=== INFORMATION SUPPLIED ===
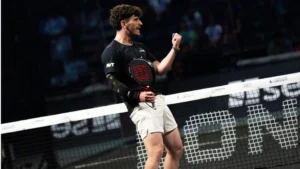 Male padel player in a black shirt and white shorts raises a clenched fist in celebration at the net during a match.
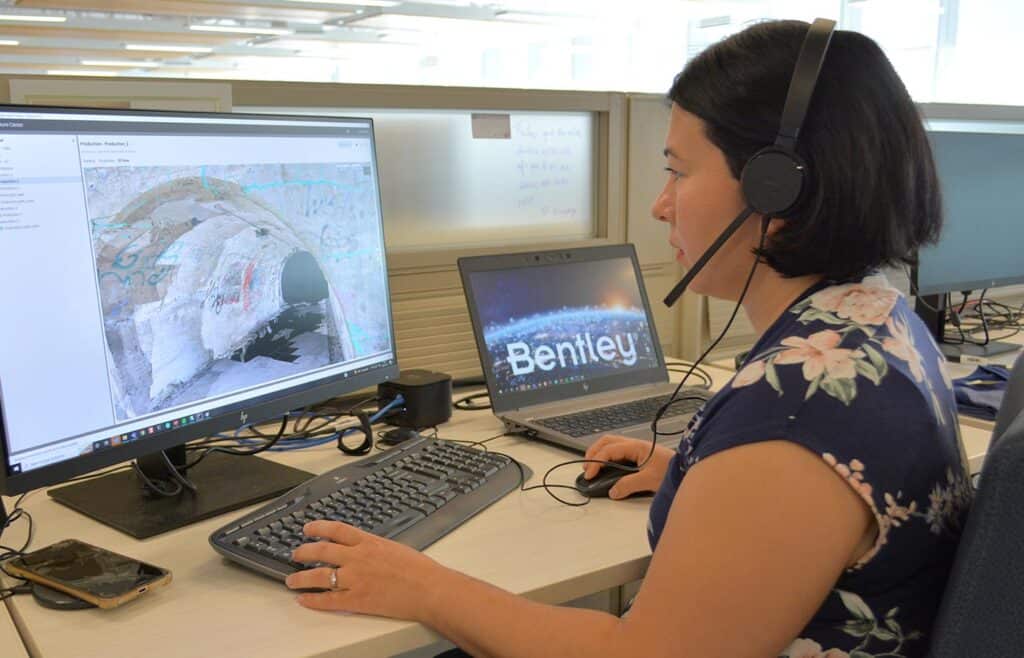 Kobieta siedząca przy biurku, patrząca na program komputerowy i rozmawiająca przez zestaw słuchawkowy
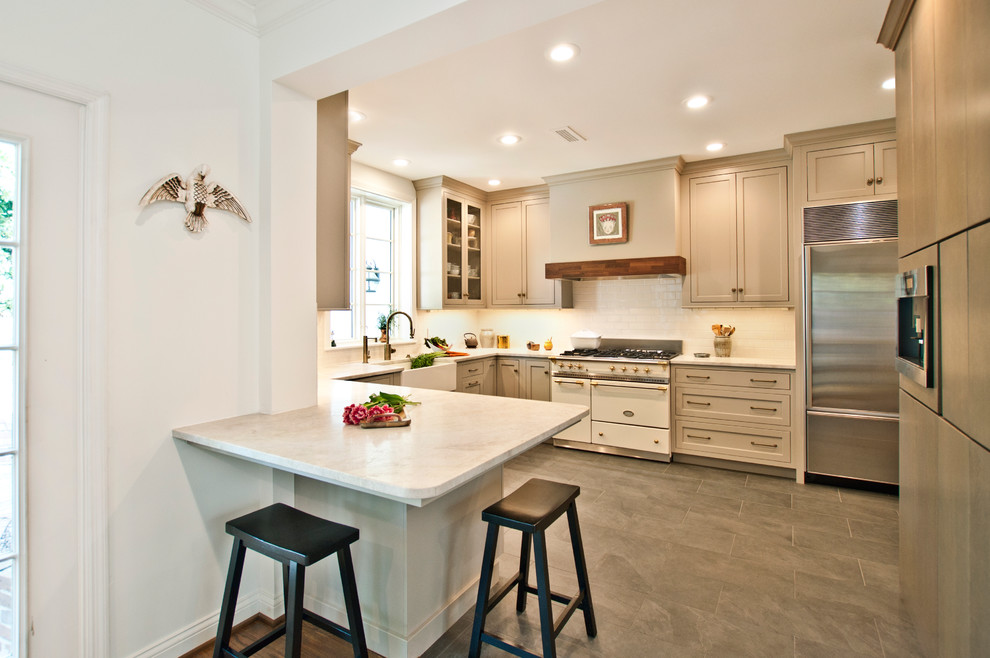 Example of a mid-sized transitional u-shaped porcelain tile and gray floor enclosed kitchen design in Nashville with a farmhouse sink, shaker cabinets, beige cabinets, marble countertops, white backsplash, porcelain backsplash, stainless steel appliances, no island and multicolored countertops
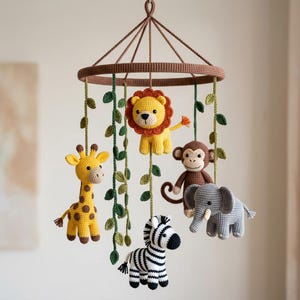 May include: A hanging nursery mobile featuring five crocheted animal figures: a yellow lion, a yellow giraffe with brown spots, a brown monkey, a gray elephant, and a black and white zebra, suspended from a brown circular frame with green vines.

=== YOUR OBJECTIVE ===
Please reproduce the listing exactly from its opening line through the line that contains "Kobieta siedząca przy", both included, with all pictures omitted.

=== EXERCISE OUTPUT ===
 Male padel player in a black shirt and white shorts raises a clenched fist in celebration at the net during a match.
 Kobieta siedząca przy biurku, patrząca na program komputerowy i rozmawiająca przez zestaw słuchawkowy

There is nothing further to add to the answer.